Please reproduce, exactly as given, the lines running from the start of the data to the line containing "Windalf Handmade XL", inclusive, and omit the pictures.
═════ Data for the task ═════
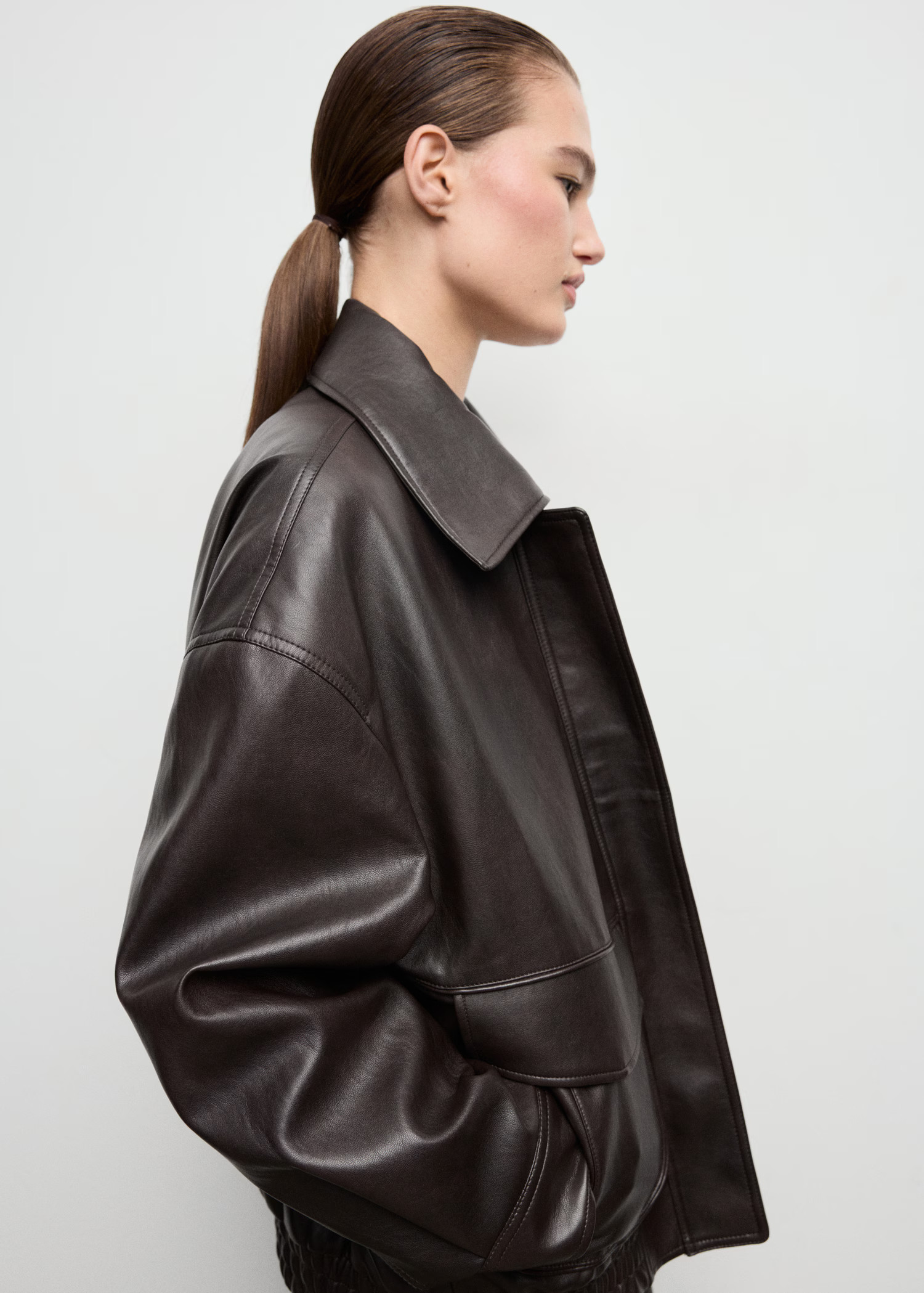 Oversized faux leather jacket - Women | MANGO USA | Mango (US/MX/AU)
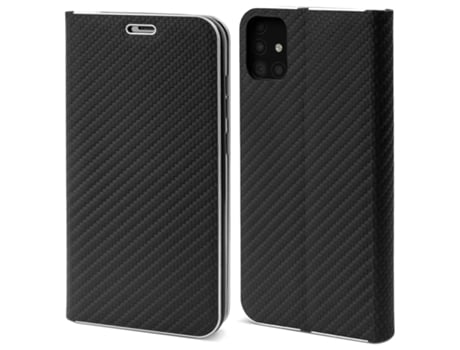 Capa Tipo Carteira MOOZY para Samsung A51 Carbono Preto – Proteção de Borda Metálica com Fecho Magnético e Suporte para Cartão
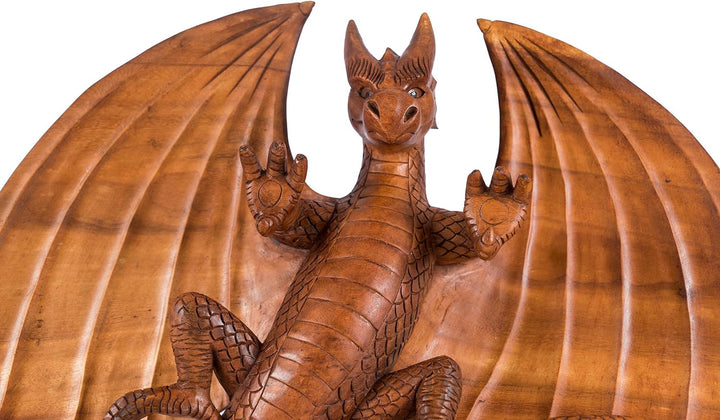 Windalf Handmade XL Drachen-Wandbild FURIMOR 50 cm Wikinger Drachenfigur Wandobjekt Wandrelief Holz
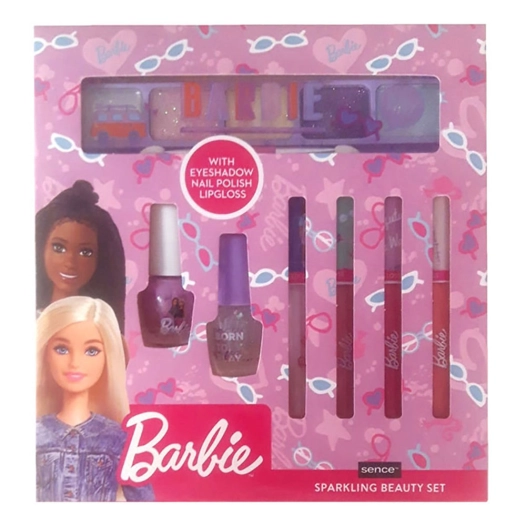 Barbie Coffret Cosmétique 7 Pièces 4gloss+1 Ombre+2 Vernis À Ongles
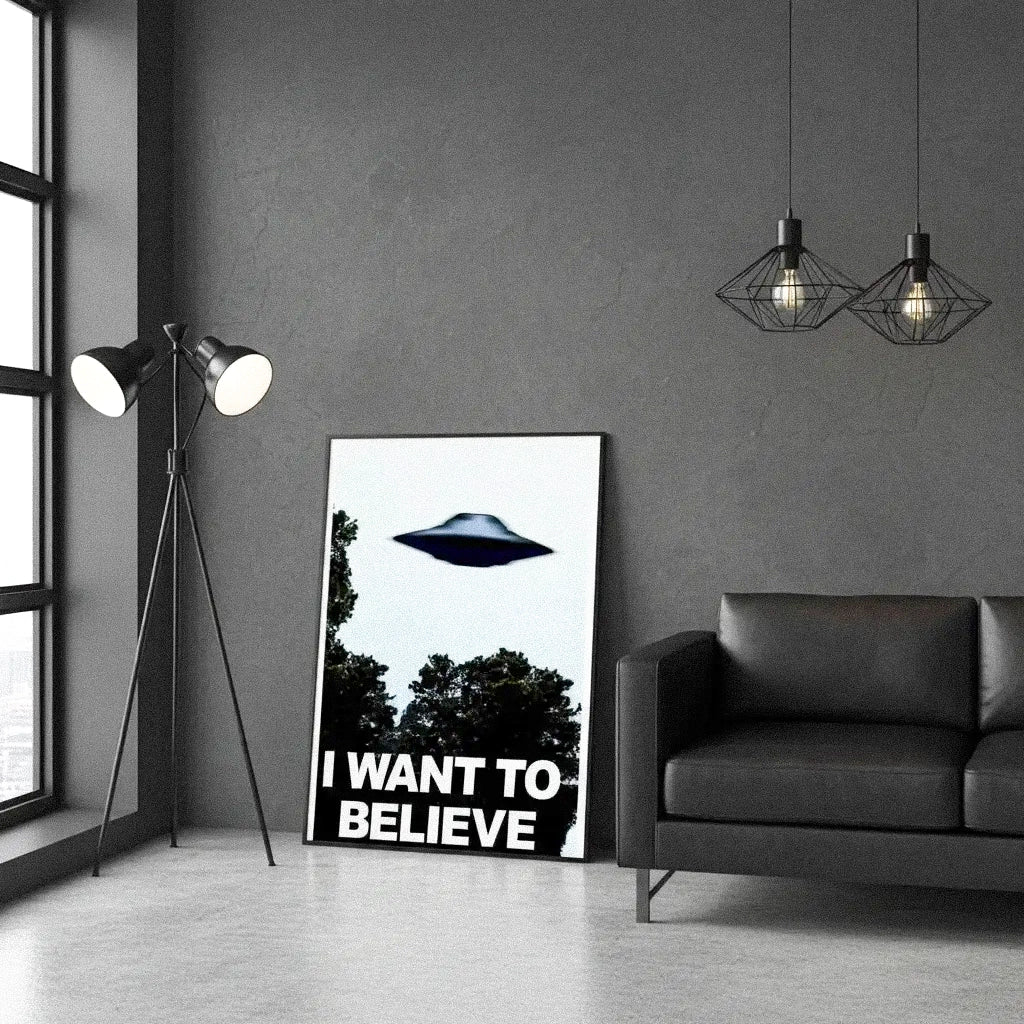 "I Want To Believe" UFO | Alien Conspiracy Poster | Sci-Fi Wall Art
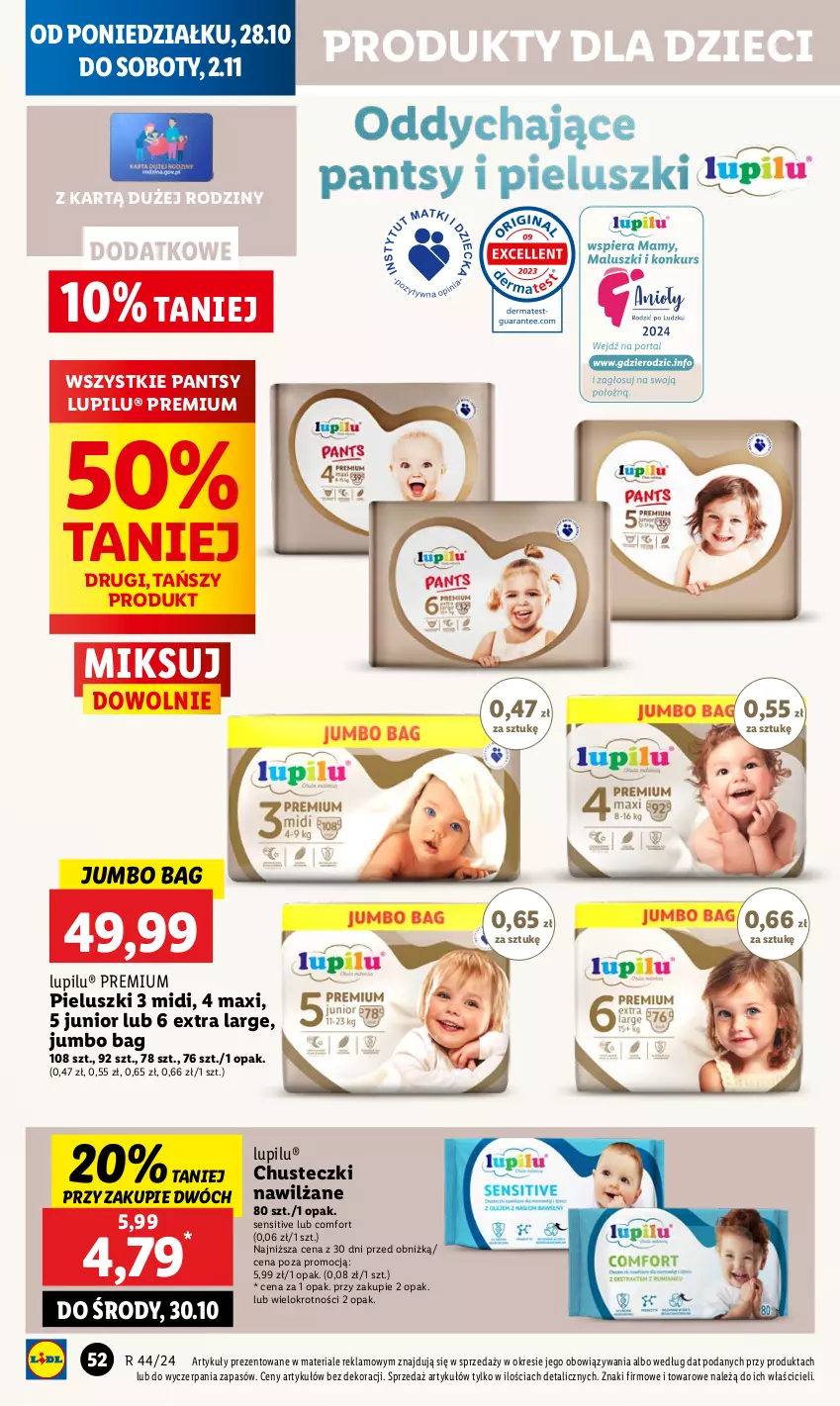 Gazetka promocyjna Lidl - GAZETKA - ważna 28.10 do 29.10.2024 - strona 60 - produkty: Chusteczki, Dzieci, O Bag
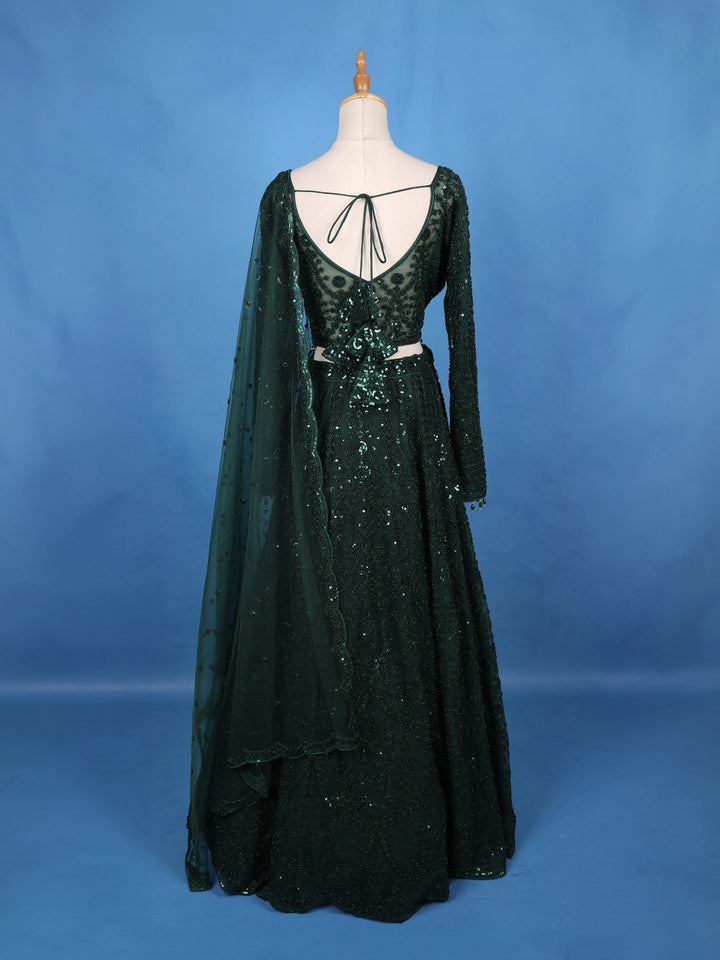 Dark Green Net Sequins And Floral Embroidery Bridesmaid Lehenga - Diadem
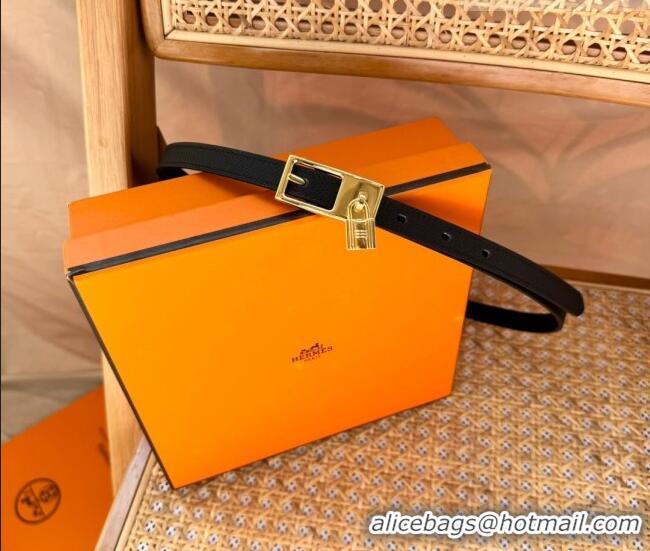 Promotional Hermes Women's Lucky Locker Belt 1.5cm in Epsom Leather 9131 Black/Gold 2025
═════
# Result of this exercise
 Oversized faux leather jacket - Women | MANGO USA | Mango (US/MX/AU)
 Capa Tipo Carteira MOOZY para Samsung A51 Carbono Preto – Proteção de Borda Metálica com Fecho Magnético e Suporte para Cartão
 Windalf Handmade XL Drachen-Wandbild FURIMOR 50 cm Wikinger Drachenfigur Wandobjekt Wandrelief Holz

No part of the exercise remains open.